■ EXERCISE INSTRUCTIONS:
I'd like the listing below copied exactly, with the images left out.
"""
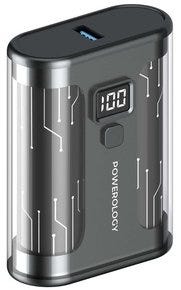 Powerology 10000mAh Crystalline Series Power Bank Black
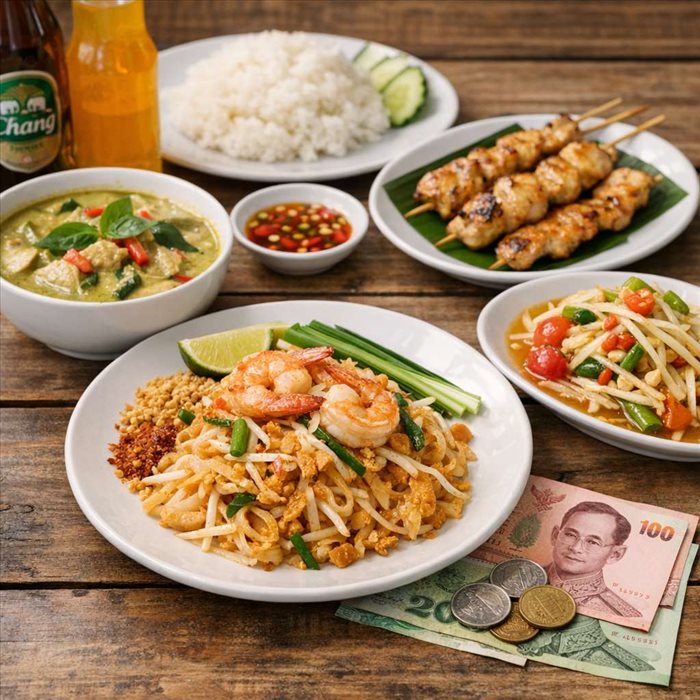 Prix de la nourriture en Thaïlande : budget et coût moyen
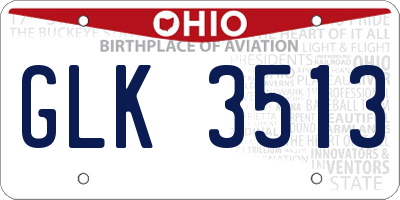 OH license plate GLK3513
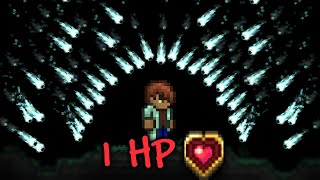 Can you beat Terraria Master Mode with just 1hp [upl. by Aldarcie556]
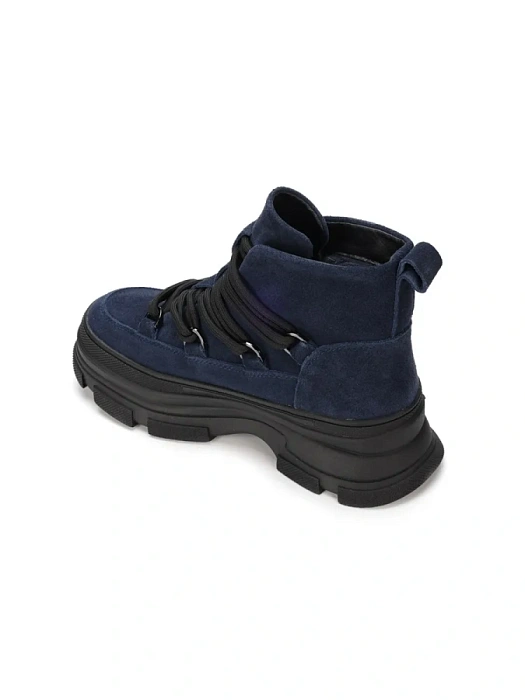 Женские ботинки basic FEDERICA RODARI синие, артикул 42E-375-25C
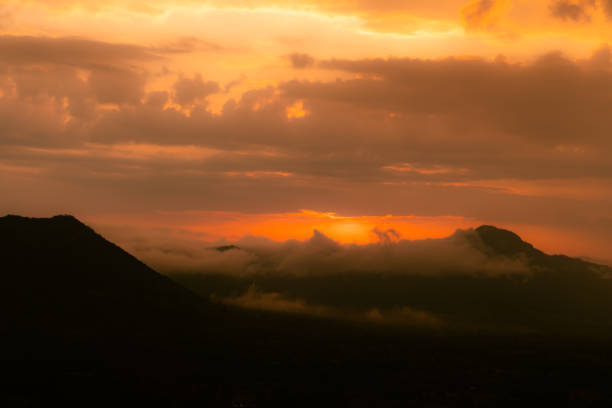 istock Beautiful sunrise with cloud and mountain view in morning. 1085555080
"""
■ RESPONSE FOR THIS EXERCISE:
 Powerology 10000mAh Crystalline Series Power Bank Black
 Prix de la nourriture en Thaïlande : budget et coût moyen
 OH license plate GLK3513
 Can you beat Terraria Master Mode with just 1hp [upl. by Aldarcie556]
 Женские ботинки basic FEDERICA RODARI синие, артикул 42E-375-25C
 istock Beautiful sunrise with cloud and mountain view in morning. 1085555080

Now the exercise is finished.